Those who freak out about hobby use of organic solvents enough to pass legislation or ordinances against its availability would probably have been inhabitants of the back wards at Eastern State in the 1950's (pre Thorazine). Benzene - don't want any exposure, MEK - probably not. lacquer thinner - outside - the real stuff is fierce. Mineral spirits, naphtha, acetone - require respect - do not breathe - but gasoline is not any safer.
I have a lot of dried up Testors paint. Does anyone know what kind of oils they used in their paints? I bet a lot of us could bring our old dried out testers back to life with that knowledge.
Paint is a pigment, a binder, a solvent (a carrier/suspending liquid - not sure much is dissolved in this gemisch). When the solvent evaporates, the binder polymerizes (undergoes a chemical reaction) (becomes a much much larger molecule that will not dissolve in much of anything and would be useless even if you could dissolve it).
Enamel paint - oil based paint - the solvent is organic - mineral spirits, terp, naphtha, lacquer thinner, etc. - the binder is linseed oil or a similar plant based polymerizing oil with a catalyst to speed the polymerization reaction (dry), When dry it is either a coat on something or a forever coat at the bottom of a jar.
Now, if you had started with a dry powder pigment and suspended it in shellac and that had dried in its jar, an alcohol - ethanol, methanol, isopropanol would make it usable again. But even in this situation I would start over with fresh pigment and fresh shellac.

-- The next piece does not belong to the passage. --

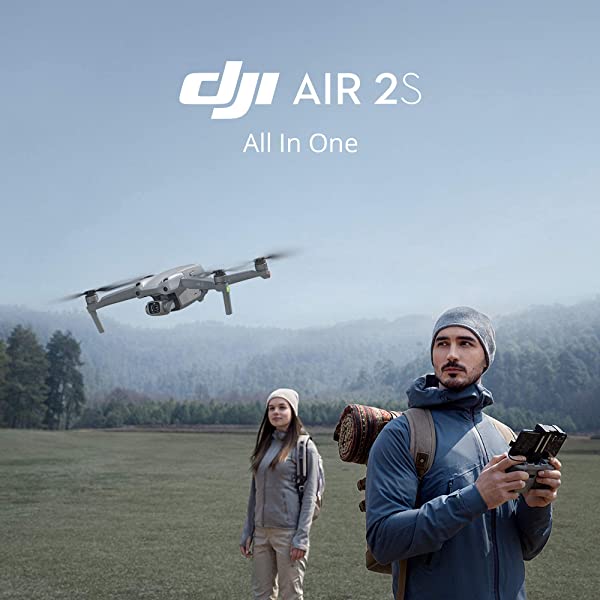 DJI Air 2S - Drone Quadcopter UAV with 3-Axis Gimbal Camera, 5.4K Video, 1-Inch CMOS Sensor, 4 Directions of Obstacle Sensing, 31-Min Flight Time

If you start with tubed artists oils and suspend that in shellac to make your own shellac paint (can't find a reason to do this) it will not redissolve if it dries in its jar. Tubed oil paint includes a binder - usually linseed oil with a bit of cobalt catalyst - but not much solvent. If you add your own organic solvent to whatever brushing or spraying consistency you desire, you have made your own Testors for much less money. If the tube is kept tightly sealed and you only mix up only as much as needed for a particular job and toss or better paint it on a piece of scrap - your version of home made Testors (the tube of paint) will probably have a longer shelf life than you will. Instead of storing mixed paint, you store a 3x5 card with the exact formula.